### Task brief
A faithful copy without images is required: write out all the records exactly.
Information shown Start Marker
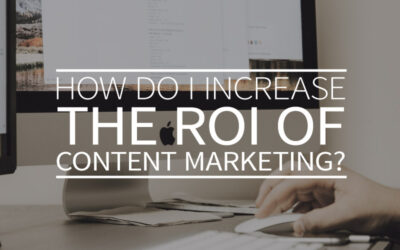 How do I increase the ROI of content marketing?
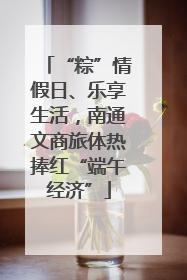 “粽”情假日、乐享生活，南通文商旅体热捧红“端午经济”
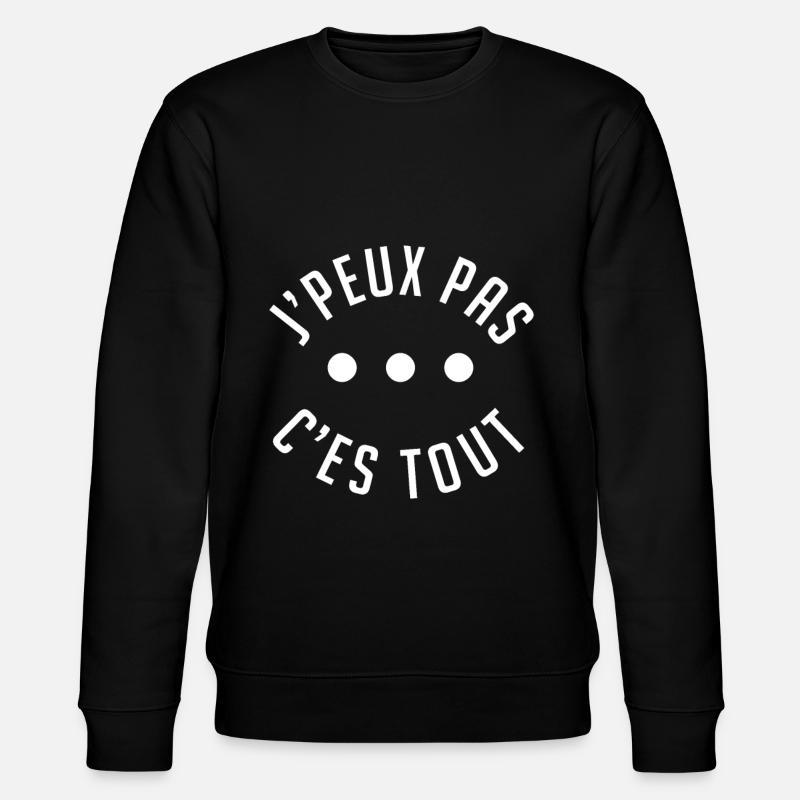 j'peux pas c'est tout. - Sweat bio CHANGER Stanley/Stella Unisexe - noir
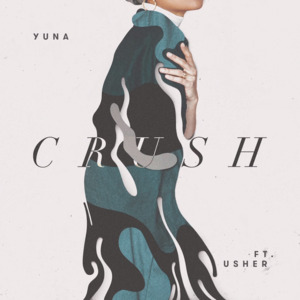 Crush - Yuna (Ft. USHER)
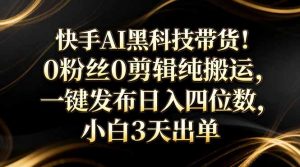 快手AI黑科技带货！0粉丝0剪辑纯搬运，一键发布日入四位数，小白3天出单-聊项目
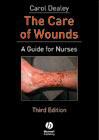 The Care of Wounds A Guide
Information shown End Marker
### Output of the exercise
 How do I increase the ROI of content marketing?
 “粽”情假日、乐享生活，南通文商旅体热捧红“端午经济”
 j'peux pas c'est tout. - Sweat bio CHANGER Stanley/Stella Unisexe - noir
 Crush - Yuna (Ft. USHER)
 快手AI黑科技带货！0粉丝0剪辑纯搬运，一键发布日入四位数，小白3天出单-聊项目
 The Care of Wounds A Guide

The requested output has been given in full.